La société innove de fait beaucoup dans son vieux métier, ce qui est bien aussi, et crée en permanence de nouvelles gammes : baguette bio, pain hyper-protéiné pour le troisième âge, pain sandwich et sandwiches en tous genres, etc... et trouve en permanence aussi de nouveaux débouchés B to B : chaînes de sandwicheries, réseaux de supermarchés, Ehpad, chaîne de surgelés, et, depuis peu, stations-services d'autoroutes pour un grand groupe pétrolier. Et elle s'adapte vite aux nouvelles demandes, en testant de nouveaux concepts (et en les arrêtant vite en cas d'insuccés) : snacking végétarien, qui élargit la clientèle des boulangeries, et, depuis peu, Poulaillon à la ferme, une boulangerie dans une ferme (chez un fermier associé) avec une clientèle très variées en fait, attirée par la qualité de l'environnement, des bases de préparation 100% bio, locales, et naturelles, et un espace restaurant (1 plat du jour, et 60 couverts/jour).

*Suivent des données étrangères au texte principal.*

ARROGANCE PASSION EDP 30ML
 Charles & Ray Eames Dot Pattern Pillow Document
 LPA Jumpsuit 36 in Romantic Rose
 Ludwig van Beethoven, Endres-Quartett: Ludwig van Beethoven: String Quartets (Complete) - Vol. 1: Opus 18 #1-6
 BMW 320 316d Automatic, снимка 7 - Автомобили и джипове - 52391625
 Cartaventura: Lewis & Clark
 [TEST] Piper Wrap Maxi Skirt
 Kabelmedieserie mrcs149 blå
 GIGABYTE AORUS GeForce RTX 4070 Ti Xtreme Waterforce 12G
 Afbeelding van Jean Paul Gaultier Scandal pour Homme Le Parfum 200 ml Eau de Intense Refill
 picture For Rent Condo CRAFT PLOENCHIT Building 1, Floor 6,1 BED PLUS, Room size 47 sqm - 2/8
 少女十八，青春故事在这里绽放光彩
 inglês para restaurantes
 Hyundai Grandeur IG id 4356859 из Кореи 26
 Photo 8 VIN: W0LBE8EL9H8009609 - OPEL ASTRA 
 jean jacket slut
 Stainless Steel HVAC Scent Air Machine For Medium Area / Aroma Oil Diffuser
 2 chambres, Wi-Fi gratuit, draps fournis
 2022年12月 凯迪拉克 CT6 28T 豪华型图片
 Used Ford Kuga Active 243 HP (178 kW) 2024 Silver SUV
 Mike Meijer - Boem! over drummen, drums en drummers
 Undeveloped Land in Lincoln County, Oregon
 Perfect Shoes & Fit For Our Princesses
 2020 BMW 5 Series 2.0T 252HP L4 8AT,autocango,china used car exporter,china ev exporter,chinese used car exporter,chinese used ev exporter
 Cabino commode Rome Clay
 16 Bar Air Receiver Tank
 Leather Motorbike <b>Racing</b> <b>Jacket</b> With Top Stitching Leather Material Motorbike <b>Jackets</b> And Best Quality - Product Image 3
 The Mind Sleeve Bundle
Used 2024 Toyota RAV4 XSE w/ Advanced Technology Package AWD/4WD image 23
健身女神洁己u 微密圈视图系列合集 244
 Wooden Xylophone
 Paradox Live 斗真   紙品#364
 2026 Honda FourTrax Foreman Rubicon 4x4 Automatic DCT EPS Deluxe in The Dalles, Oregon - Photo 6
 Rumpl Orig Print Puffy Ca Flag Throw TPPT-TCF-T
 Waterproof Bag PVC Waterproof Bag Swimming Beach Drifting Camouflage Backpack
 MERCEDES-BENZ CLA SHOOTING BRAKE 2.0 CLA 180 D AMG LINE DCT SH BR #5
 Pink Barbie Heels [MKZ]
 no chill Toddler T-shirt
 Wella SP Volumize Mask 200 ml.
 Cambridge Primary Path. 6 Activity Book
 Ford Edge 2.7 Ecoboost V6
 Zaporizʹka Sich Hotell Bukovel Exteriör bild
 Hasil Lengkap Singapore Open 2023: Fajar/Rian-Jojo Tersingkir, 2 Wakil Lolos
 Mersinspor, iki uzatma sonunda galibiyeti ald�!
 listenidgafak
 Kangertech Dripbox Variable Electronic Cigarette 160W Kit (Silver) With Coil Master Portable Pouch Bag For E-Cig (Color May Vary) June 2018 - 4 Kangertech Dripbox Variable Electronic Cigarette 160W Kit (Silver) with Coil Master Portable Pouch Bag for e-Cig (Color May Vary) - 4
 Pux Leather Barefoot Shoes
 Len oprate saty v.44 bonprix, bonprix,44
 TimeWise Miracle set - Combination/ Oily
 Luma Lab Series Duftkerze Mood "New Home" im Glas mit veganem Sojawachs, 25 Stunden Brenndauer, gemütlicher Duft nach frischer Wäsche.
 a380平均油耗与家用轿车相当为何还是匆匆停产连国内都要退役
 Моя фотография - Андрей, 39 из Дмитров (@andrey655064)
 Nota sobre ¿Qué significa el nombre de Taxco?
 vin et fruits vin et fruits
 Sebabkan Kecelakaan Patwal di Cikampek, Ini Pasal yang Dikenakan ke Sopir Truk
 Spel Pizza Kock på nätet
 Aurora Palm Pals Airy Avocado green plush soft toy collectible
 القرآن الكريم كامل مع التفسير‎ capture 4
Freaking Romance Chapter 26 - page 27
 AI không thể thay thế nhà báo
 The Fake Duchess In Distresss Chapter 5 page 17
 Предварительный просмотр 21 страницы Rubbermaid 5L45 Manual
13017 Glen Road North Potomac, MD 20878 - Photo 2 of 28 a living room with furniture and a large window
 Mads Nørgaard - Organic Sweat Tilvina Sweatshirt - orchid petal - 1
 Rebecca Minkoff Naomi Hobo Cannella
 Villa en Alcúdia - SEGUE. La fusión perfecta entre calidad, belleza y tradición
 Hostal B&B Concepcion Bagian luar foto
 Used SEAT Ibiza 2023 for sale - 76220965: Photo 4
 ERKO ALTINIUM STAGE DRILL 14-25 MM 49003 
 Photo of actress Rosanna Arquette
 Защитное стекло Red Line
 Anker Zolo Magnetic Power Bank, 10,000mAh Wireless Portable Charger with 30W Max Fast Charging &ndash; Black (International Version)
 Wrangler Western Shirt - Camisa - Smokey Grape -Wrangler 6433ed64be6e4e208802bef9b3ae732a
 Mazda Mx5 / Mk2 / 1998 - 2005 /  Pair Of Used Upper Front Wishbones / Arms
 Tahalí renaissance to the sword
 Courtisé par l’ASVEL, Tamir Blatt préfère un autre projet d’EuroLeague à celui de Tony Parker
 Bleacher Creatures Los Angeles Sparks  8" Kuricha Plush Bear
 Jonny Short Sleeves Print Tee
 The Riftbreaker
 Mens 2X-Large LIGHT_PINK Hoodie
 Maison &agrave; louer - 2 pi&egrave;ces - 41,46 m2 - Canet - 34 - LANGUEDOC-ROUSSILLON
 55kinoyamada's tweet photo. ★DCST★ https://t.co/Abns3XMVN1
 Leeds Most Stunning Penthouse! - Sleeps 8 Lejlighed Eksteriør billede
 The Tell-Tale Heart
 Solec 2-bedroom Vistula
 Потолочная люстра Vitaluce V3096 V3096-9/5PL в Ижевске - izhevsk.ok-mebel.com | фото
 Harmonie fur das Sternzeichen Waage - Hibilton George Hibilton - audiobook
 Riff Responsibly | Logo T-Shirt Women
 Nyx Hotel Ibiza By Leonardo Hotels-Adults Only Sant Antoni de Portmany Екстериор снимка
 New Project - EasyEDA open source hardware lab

Diversification dans l'eau minérale

Poulaillon pourrait être plus profitable encore si ne pesait pas dans ses comptes le démarrage d'une troisième activité : l'eau minérale de Velleminfroy, produite à partir d'une source et d'un embouteillage en Haute Saône toute proche, dont les ventes sont encore anecdotiques, soit 600k euros au premier semestre, et les pertes un peu moins, soit -800k euros. Mais, après avoir revu en baisse son positionnement prix initialement trop élevé, l'eau de Velleminfroy commence à trouver de vrais clients : elle est référencée dans toute la grande distribution en France, est proposée par une force de vente dédiée aux hôtels-restaurants, et commence à s'exporter aussi. Les volumes progressent de fait très vite à présent, soit +50% en juin-juillet-août, et la direction de la société espère dépasser le point mort dans deux ans, avec un chiffre d'affaires plus que doublé d'ici là.

Que dire de plus ? sinon que la croissance semble bien maîtrisée, d'abord parce que, selon la direction, il faut du temps pour trouver et former des personnels qualifiés pour les magasins, et que cette direction étant familiale, et la famille détenant un peu plus des trois quarts du capital, la prudence est toujours de mise : on pourrait aller bien plus vite, mais il vaut mieux ne pas céder aux propositions des développeurs de grandes chaînes de restauration rapide attirés par la qualité du concept.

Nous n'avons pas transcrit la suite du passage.